Despite these distinctive contributions from health, as matters now stand many other branches of government, central and local, have a greater stake in injury prevention that does any part of the health sector. Consider the example of road safety: it is Transport that decides on most aspects of road design and it is Justice that decides on penalties for drunkdriving, speeding and other such violations. With respect to other safety issues, it is Trade and Industry that regulates unsafe or potentially dangerous products and Housing that establishes codes or regulation intended to prevent injuries to young children and the elderly. The list is a lengthy one, but rarely does it include health.
Moreover, there are many other parties who are neither parts of government nor parts of the health system whose skills and commitment also need to be mobilised to enhance safety. Both the engineering and technology sectors have made enormous contributions through the invention of devices like helmets, seat restraints, and airbags. They must be encouraged to do so by being repeatedly reminded that safety is an important component of profit in most enterprises.
Is it unrealistic to suggest that health departments assume greater responsibilities for this problem?
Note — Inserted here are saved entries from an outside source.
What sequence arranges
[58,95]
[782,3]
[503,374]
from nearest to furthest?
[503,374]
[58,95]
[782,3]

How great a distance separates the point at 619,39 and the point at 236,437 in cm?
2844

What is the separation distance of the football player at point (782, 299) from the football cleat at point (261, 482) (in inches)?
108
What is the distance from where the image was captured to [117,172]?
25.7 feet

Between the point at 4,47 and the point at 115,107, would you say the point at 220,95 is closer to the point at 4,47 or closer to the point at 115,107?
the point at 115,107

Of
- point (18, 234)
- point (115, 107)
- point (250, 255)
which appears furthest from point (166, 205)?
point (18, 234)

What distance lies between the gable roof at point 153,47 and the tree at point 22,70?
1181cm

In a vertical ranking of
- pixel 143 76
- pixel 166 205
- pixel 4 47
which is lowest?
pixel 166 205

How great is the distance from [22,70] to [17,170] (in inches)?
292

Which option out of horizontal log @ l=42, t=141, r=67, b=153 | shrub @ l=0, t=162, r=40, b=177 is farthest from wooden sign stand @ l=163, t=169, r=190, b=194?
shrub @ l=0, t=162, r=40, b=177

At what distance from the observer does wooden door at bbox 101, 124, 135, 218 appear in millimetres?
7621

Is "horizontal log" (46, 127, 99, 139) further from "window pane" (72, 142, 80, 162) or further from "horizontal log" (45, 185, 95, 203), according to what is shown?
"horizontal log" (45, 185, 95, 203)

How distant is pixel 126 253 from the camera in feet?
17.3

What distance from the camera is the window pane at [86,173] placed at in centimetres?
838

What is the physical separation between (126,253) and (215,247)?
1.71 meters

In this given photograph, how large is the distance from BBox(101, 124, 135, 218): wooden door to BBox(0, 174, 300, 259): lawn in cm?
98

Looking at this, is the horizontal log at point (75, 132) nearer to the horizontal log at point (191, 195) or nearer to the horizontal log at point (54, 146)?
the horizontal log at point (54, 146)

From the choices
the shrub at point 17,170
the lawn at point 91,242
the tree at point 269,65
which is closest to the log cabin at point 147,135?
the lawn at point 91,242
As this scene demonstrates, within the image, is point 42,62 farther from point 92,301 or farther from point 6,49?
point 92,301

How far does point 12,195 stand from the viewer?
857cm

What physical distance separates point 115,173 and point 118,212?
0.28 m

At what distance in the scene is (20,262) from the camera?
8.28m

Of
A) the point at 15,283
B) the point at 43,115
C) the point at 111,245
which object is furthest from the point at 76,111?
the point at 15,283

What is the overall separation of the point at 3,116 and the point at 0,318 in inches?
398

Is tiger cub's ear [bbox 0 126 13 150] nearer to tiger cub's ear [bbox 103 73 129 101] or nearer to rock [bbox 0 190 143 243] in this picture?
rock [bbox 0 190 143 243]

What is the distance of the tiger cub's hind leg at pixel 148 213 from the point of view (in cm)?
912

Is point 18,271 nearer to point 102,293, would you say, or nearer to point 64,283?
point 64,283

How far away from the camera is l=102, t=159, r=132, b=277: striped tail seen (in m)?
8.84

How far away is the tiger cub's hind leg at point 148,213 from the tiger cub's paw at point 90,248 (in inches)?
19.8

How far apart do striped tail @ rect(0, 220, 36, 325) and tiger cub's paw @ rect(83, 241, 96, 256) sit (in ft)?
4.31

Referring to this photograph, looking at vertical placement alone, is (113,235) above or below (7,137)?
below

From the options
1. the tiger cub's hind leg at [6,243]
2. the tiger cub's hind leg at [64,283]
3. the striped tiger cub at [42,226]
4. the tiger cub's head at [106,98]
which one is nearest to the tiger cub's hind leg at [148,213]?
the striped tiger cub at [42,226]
Obviously in light of this supplement it is not. The question that remains, however, is precisely how far should health departments travel along this route and by what means? The contributors to this supplement have gone a long way towards providing answers to that question. In the discussion based on these thoughtful papers, no doubt there will be other ideas expressed to complete the agenda. I expect that many efforts will be made to remind us that a major part of the problem is being tackled by the voluntary sector, for example, by groups like the Child Accident Prevention Trust and the Royal Society for the Prevention of Accidents and, on occasion, by the private sector. Such a reminder should not be needed.
National centres for injury prevention
Several key elements form the bottom line for those reading this supplement who are determined that “action” be taken. Apart from actions needed to provide a stronger sense of direction and serious discussions about responsibility, leadership, and coordination, there must emerge clear evidence of commitment. When infant mortality rates in many countries lagged behind those of Japan, to match those enviable numbers, most countries, including the UK, succeeded because a commitment was made to do so. For a long while Swedish injury fatality rates have represented an analogous target; they tell us what is possible. With determination, organisation, and an appropriate allocation of resources such rates should easily be achievable in the UK.
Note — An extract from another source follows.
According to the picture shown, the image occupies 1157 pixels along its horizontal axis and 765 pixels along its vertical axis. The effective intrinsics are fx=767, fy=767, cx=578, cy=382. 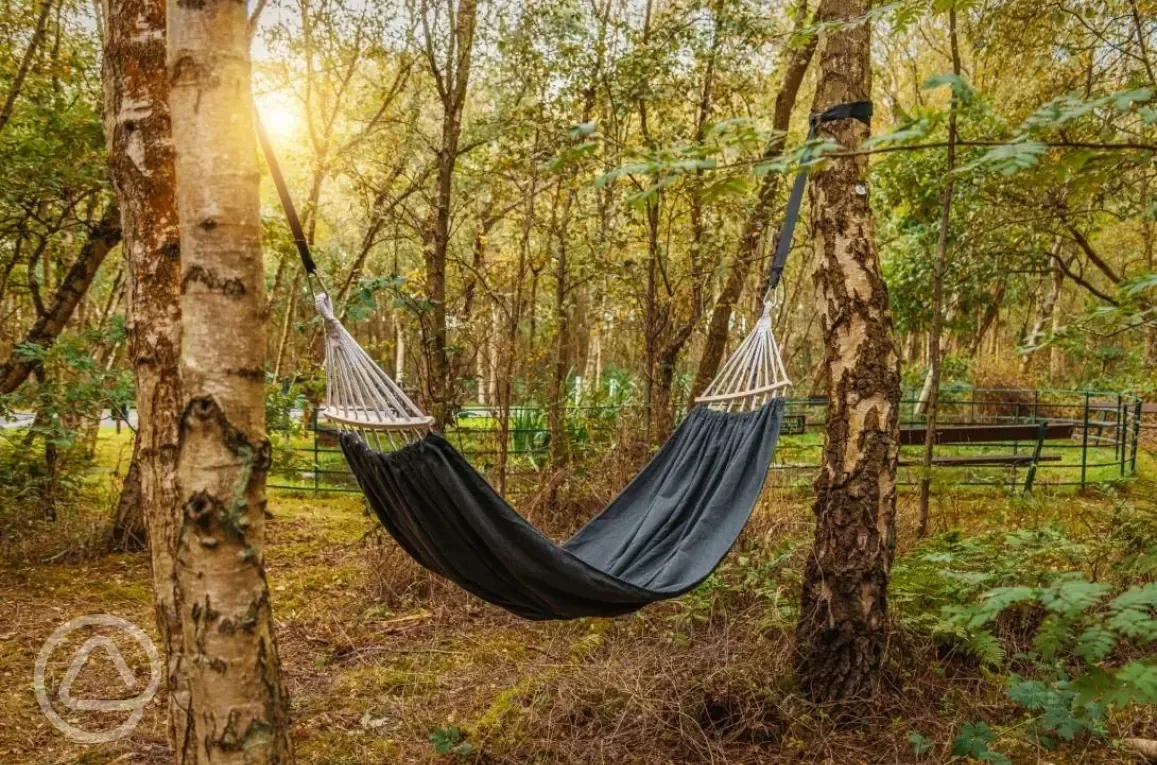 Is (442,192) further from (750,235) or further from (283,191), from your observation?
(283,191)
In the end, government and others must agree that the prevention of injuries is an urgent priority. This will not be an easy task and doubtless it will require strong leadership from someone or some group. Sweden's success was largely attributable to inspired leadership from a pioneering figure; America's achievements are attributed to a timely document from a prestigious source. In both cases, the mechanism established to ensure the success of the commitment was the equivalent of a national centre for injury prevention. The UK cannot hope to succeed without something similar.
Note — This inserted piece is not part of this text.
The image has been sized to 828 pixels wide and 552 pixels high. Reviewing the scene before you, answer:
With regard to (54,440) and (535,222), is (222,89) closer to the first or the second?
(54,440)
It is of interest that the government is committed to reducing inequities in health status. I applaud this because there are few areas in health in which the disparities between rich and poor are more noteworthy and more deplorable than in the case of children's injuries of almost every kind. If only to achieve this laudable goal, national centres must be established in England, Northern Ireland, Scotland, and Wales to ensure that the needed Action on Injury is taken fully and promptly.